Available ranking methods: power_alpha, additive, harmonic, diff_mean, frequency, magnitude
Computes the difference of mean activations between target and contrastive samples.
from pipeline.steering_vector_creation import create_steering_vector_baseline
create_steering_vector_baseline(
target_concept='joy',
activation_path=ACTIVATION_STORE / 'google--gemma-2-9b-it' / 'goemotions',
model_name='google/gemma-2-9b-it',
layer=31,
)Output: STEERING_VECTOR_STORE/<model>/layer_<n>/baseline/<concept>.pkl
To compare all ranking mechanisms and inspect which latents each method surfaces, use create_latent_ranking_analysis. Unlike create_steering_vector, this runs all ranking methods over a full alpha sweep and saves detailed per-latent information for downstream analysis in notebooks/latent_ranking.ipynb.

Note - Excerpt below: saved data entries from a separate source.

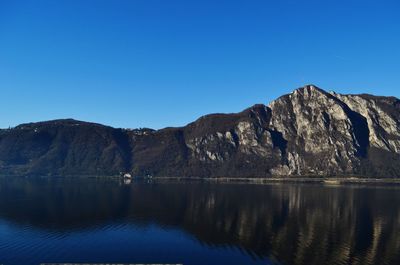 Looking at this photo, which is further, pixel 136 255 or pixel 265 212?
pixel 265 212

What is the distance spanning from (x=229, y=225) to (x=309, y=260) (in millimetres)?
49887

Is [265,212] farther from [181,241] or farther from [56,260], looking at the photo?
[56,260]

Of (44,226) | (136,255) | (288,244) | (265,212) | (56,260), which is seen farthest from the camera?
(265,212)

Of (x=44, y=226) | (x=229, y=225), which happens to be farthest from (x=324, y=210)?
(x=44, y=226)

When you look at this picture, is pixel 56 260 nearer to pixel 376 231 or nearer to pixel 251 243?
pixel 251 243

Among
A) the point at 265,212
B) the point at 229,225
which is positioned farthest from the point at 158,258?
the point at 265,212

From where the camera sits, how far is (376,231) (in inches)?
5187

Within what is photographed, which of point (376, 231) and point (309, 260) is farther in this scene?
point (376, 231)

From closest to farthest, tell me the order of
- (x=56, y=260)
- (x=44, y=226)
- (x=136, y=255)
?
(x=56, y=260) < (x=136, y=255) < (x=44, y=226)

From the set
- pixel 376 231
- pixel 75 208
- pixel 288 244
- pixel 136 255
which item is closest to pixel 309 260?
pixel 288 244

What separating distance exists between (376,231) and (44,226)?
372 ft

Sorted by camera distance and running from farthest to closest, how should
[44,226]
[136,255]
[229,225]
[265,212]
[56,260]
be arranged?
[265,212]
[229,225]
[44,226]
[136,255]
[56,260]

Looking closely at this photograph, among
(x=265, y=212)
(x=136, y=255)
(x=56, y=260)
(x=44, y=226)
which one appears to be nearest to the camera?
(x=56, y=260)

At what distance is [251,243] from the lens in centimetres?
10950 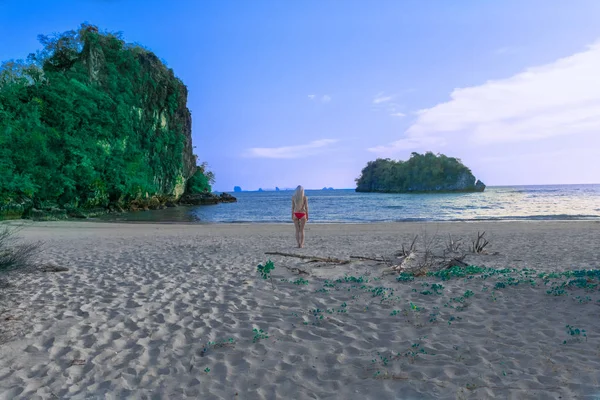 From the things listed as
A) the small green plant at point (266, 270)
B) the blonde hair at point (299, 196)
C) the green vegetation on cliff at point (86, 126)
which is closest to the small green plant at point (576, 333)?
the small green plant at point (266, 270)

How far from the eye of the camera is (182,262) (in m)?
10.5

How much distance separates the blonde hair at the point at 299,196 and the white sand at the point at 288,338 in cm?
435

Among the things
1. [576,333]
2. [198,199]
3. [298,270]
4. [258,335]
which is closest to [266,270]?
[298,270]

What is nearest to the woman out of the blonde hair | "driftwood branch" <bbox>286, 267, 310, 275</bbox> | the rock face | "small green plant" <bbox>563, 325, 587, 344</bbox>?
the blonde hair

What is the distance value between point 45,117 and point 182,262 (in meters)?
31.2

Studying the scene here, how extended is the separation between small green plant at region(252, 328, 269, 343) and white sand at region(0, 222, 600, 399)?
6cm

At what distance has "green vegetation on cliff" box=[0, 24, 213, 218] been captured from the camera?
30641 millimetres

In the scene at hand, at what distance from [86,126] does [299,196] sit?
30834mm

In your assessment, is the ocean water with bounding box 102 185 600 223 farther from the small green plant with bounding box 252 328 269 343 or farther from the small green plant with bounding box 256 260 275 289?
the small green plant with bounding box 252 328 269 343

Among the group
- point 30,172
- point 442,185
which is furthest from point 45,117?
point 442,185

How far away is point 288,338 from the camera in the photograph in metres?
5.09

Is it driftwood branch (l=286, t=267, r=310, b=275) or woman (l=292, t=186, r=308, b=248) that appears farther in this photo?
woman (l=292, t=186, r=308, b=248)

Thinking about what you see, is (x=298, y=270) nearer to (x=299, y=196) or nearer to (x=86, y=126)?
(x=299, y=196)

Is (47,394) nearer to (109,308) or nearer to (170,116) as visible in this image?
(109,308) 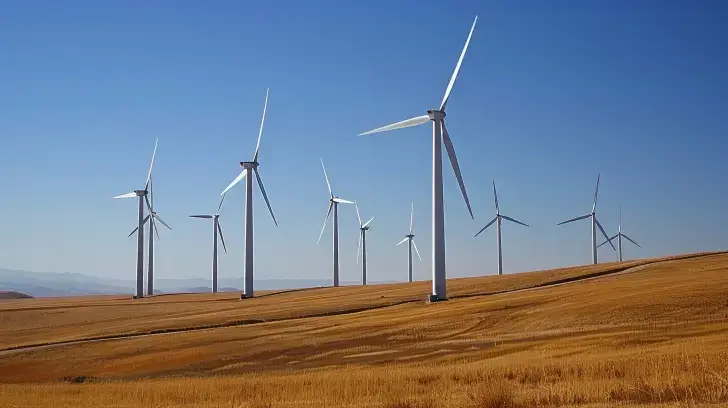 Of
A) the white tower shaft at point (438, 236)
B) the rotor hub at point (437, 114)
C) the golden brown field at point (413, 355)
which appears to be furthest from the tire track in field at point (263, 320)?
the rotor hub at point (437, 114)

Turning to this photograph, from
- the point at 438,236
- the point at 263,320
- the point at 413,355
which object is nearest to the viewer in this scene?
the point at 413,355

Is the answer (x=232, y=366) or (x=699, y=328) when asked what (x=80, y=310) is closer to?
(x=232, y=366)

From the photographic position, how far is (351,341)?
3872 cm

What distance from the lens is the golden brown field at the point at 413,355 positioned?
57.1ft

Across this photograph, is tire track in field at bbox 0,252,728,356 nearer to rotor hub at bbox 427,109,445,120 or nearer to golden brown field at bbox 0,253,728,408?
golden brown field at bbox 0,253,728,408

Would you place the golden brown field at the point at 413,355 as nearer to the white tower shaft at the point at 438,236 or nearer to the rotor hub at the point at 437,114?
the white tower shaft at the point at 438,236

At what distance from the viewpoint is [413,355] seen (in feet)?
104

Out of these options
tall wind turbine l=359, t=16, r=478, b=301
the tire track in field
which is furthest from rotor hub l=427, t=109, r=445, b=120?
the tire track in field

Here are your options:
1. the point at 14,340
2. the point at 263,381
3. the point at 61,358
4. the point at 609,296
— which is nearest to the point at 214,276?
the point at 14,340

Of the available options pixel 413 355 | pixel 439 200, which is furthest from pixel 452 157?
pixel 413 355

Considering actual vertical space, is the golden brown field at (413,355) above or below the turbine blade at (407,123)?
below

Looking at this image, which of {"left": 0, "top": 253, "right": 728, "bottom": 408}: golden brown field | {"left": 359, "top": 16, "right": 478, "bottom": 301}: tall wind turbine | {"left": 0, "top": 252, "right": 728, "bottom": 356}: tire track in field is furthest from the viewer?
{"left": 359, "top": 16, "right": 478, "bottom": 301}: tall wind turbine

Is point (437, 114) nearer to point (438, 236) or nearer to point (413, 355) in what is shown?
point (438, 236)

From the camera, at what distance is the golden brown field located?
1739 centimetres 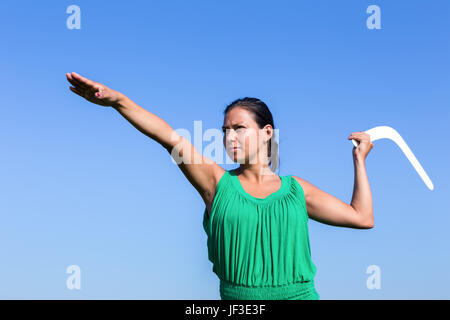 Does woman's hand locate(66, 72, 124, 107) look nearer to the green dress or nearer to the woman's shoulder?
the green dress

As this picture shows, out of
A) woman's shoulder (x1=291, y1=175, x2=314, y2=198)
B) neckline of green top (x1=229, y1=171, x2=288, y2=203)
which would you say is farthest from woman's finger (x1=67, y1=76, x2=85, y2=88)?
woman's shoulder (x1=291, y1=175, x2=314, y2=198)

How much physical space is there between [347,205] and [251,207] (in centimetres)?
106

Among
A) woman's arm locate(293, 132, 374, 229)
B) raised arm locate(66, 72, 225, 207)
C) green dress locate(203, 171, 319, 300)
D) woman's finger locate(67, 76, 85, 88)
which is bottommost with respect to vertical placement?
green dress locate(203, 171, 319, 300)

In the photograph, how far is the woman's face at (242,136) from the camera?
4957 millimetres

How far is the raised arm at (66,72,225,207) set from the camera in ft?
14.3

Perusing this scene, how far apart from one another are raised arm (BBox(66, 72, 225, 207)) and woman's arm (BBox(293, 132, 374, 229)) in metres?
1.04

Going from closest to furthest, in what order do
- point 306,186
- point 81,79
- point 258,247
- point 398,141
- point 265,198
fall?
point 81,79 < point 258,247 < point 265,198 < point 306,186 < point 398,141

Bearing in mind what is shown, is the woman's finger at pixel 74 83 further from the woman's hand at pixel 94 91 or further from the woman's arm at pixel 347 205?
the woman's arm at pixel 347 205

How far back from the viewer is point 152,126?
4500mm

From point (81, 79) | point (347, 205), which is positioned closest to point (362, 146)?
point (347, 205)

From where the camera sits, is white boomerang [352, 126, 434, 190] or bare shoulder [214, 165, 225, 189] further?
white boomerang [352, 126, 434, 190]

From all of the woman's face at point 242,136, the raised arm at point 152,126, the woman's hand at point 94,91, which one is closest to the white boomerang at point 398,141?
the woman's face at point 242,136

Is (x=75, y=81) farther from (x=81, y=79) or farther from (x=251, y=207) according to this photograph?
(x=251, y=207) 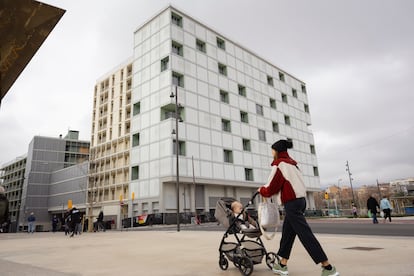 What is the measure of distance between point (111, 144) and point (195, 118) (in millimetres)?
17226

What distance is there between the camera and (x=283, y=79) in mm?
53156

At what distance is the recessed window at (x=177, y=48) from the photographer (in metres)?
36.6

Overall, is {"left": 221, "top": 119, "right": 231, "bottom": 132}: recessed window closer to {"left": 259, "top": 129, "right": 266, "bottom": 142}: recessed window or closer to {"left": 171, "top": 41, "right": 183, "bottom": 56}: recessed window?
{"left": 259, "top": 129, "right": 266, "bottom": 142}: recessed window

from pipeline.steering_vector_creation import create_latent_ranking_analysis
create_latent_ranking_analysis(
target_concept='joy',
activation_path=SAE_ACTIVATION_STORE / 'google--gemma-2-9b-it' / 'goemotions',
sae_model=sae,
model_name='google/gemma-2-9b-it',
layer=31,
alphas_sweep=[0.01, 0.1, 0.5, 1.0, 2.0, 5.0, 10.0, 20.0],
ranking_methods=['power_alpha', 'additive', 'harmonic', 'diff_mean', 'frequency', 'magnitude'],
llm_model='gpt-4o',
)Output: RANKING_ANALYSIS_STORE/<model>/layer_<n>/concept_<concept>_analysis.pkl
Injects a steering vector into a specified layer during inference and generates completions for a set of prompts.
from pipeline.generation import run_experiment
run_experiment(
model_name='google/gemma-2-9b-it',
sv_path='path/to/joy.pkl',
prompt_path=EVAL_PROMPT_STORE / 'subjective_prompts.csv',
layer_idx=31,
alpha=200.0,
experiment_name='gemma/goemo/sae_logits/joy',
device='cuda:0',
)Output: GENERATION_STORE/<experiment_name>/<model>__layer_<n>__alpha_<a>.pkl
Evaluates generated completions on two axes:
- Emotion scores — via
j-hartmann/emotion-english-distilroberta-base(Huggingface Repo) - Fluency score — via an LLM judge (Gemma 3 12B) on a 0–2 scale (similar to AxBench)
from pipeline.evaluation import evaluate_emotions, evaluate_fluency_llm_judge
evaluate_emotions(pickle_path='path/to/completions.pkl', device_map='cuda:0')
evaluate_fluency_llm_judge(
pickle_path='path/to/completions.pkl',
model=model,
processor=processor,
)Results are written back to the same .pkl file as new columns emotion_scores and fluency_score.